Fundamentally, the microarray analysis raises the question as to whether clonal variation reflects degrees of impairment of secretion or enhancement. Based on indications from Viader-Salvadό et al. (2006), it would be the former with strains that maintain similarities to the wild-type strain showing the highest titers. This could certainly be argued for CV7(L), which showed the highest variation compared to wild-type. Interestingly, the mid secretors showed the least variation from wild-type, with an average of 2513 genes statistically variable from wild-type compared to 3197 in low secretors and 2944 in high secretors. As observed by Viader-Salvadό et al. (2006), there is clearly some inherent variation within the wild-type strain, which may account for a lot of the clonal variation observed in the transformants. Characterising this will be essential for future studies.

The increased cell death in the high-secreting strains could lend itself to the development of even higher-secreting strains, if cell death could be reduced. This has been investigated by Weis et al. (2004) who limited cell death through a strict feeding strategy. It was ascertained that cell death increased with starvation, which is evident in CV7(L) (Fig. 2) and is known to occur in both shake flasks as well as microtiter plates. Therefore, repeating these experiments in a controlled-feed environment may further differentiate the strains and shed more light on the underlying causes of clonal variation. Our experimental procedure using shake flasks did not allow us to tightly control growth parameters, as would be the case with bioreactors. However, it is important to note that during initial strain selection, most screening is performed on small scale, either using microtiter plates or shake flasks. It would be of fundamental value to investigate whether similar trends are observable using strict feeding regimes using bioreactors. Furthermore, Rebnegger et al. (2014) showed with transcriptomic analysis that a higher μ resulted in upregulation of protein secretion-related proteins, including UPR genes. Therefore, attempts to characterise a feeding programme with the high secretors with an increased μ and an decreased cell death may result in a more pronounced transcriptomic profile showing differences between the high, mid and low secretors (Rebnegger et al. 2014).
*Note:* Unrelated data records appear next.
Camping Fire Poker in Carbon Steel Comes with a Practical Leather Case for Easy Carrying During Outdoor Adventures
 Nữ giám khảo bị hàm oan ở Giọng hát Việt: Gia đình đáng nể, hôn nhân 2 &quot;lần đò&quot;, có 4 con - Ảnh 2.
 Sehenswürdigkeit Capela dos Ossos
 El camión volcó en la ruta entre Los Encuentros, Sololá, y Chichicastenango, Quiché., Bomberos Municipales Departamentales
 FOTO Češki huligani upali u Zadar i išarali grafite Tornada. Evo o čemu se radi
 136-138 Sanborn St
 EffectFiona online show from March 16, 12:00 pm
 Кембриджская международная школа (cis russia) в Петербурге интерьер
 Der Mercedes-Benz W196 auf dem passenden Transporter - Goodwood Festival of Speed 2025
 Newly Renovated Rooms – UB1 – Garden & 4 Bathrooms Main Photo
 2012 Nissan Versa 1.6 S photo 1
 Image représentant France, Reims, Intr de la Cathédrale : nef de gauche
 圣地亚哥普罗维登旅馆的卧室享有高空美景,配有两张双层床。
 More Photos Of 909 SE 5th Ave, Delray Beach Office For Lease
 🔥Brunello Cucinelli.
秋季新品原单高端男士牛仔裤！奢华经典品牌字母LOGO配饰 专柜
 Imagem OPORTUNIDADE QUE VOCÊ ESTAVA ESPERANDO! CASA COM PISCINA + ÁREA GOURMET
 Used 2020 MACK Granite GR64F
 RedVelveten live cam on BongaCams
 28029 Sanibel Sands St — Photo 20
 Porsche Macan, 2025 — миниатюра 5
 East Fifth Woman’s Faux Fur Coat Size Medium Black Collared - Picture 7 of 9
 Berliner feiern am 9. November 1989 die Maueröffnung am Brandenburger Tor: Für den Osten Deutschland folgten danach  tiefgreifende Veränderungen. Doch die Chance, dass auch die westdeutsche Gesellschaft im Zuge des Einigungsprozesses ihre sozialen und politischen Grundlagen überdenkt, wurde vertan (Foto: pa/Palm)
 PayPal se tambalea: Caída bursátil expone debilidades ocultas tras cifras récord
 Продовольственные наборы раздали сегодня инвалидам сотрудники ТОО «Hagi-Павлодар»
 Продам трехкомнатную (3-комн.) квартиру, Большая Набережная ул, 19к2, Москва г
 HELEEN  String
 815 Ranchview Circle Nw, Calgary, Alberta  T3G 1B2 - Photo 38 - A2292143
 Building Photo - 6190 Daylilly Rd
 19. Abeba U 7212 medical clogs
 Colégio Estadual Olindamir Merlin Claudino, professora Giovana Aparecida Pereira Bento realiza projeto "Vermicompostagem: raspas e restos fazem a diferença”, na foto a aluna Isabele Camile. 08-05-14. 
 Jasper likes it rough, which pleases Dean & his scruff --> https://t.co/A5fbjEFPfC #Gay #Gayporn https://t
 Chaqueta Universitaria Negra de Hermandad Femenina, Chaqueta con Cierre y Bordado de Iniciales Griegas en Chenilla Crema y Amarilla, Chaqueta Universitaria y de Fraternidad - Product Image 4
Clonal variation in P. pastoris is often attributed to differences in copy number and the integration site of the vector. However, our in-depth experiments show that significant variation occurs due to factors other than vector integration. Whilst we were unable to pinpoint precise underlying causes of clonal variation, we have highlighted the prevalence and begun to investigate identifiers that could be utilised in future experiments. This raises the question as to where the major variation arises, whether from intrinsic differences within the host strain population or whether the transformation or selection method can give rise to the variation seen. A study of variation within the host strain could provide a mechanism for preselection of potentially good secretors for transformation, thus minimising the subsequent screening exercise.